Thrills and Swoon:  Wild Iris Ridge

Thrills and Swoon: Wild Iris Ridge

All of the books that I’ve reviewed for #ThrillsandSwoon this month have reflected my own life in one way or another.  And RaeAnne Thayne’s Wild Iris Ridge is no different.

It’s a novel about finding yourself again, after everything falls apart.

Lucy Drake, the novel’s heroine, is braver than many of the heroines we read about.  Fired from her job, she returns to the place she was dumped as an angry teenager after her mother’s death. 

And in addition to all of that, she has panic attacks to deal with.

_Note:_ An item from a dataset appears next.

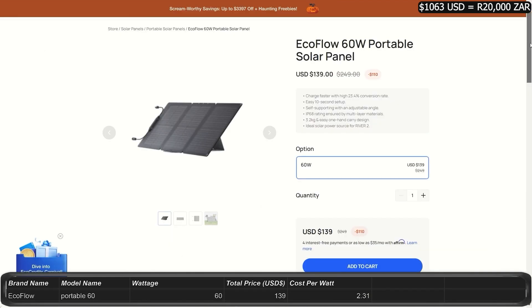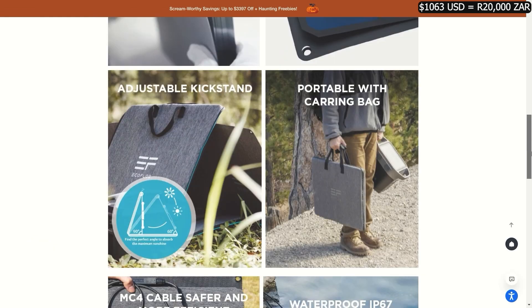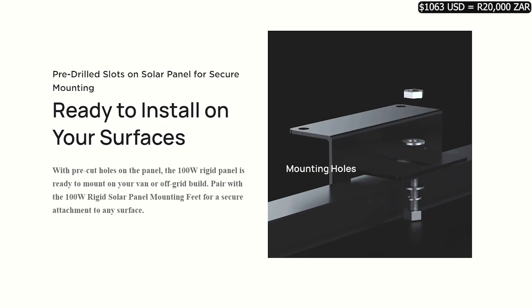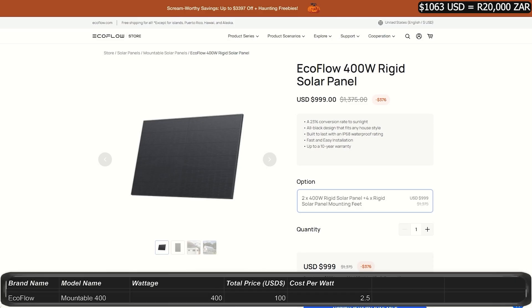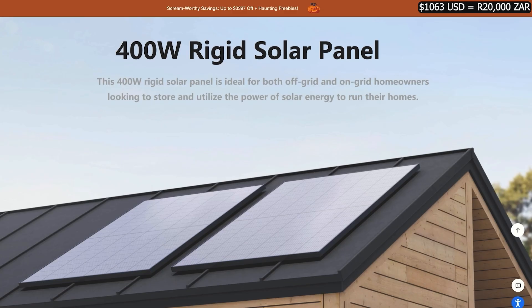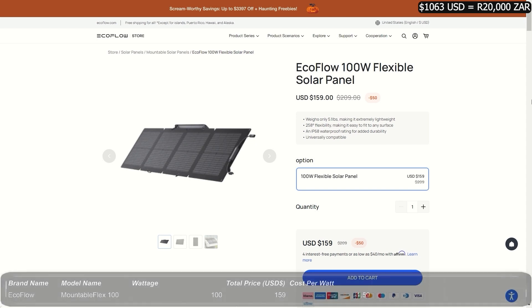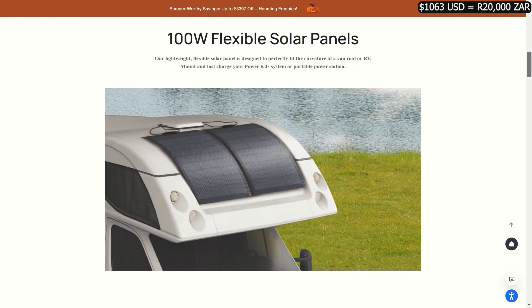The 60 watt portable panels have a 21% conversion rate for $139, putting them at $2.31 per watt. All portable panels are IP68 water and dust resistant, except for the 60 watt panels which are IP67. The mountable panels from EcoFlow come in three sizes, all IP68 water resistant with a 23% conversion rate. The 100 watt mountable panels are $200 at $2.00 per watt. The 400 watt mountable panels are $1,000 at $2.50 per watt. The flexible 100 watt panels are $159, placing them at an amazing $1.59 per watt.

Panic attacks have, in the past, been mistaken as an immature response to a stressful situation; in fact, they stem from the basic fight-or-flight response.  Large release of adrenaline, brought on by situations that others may deem completely mundane, cause the hyperventilation and dizziness that are most common during attacks.

Lucy’s started after the death of her great aunt, and I think that it is so important that Thayne doesn’t just remove panic attacks from the narrative when Lucy falls in love – though the frequency lessens – we see Brendan Caine’s reaction to them.

But, of course, she does fall in love.  And with her cousin’s widower no less.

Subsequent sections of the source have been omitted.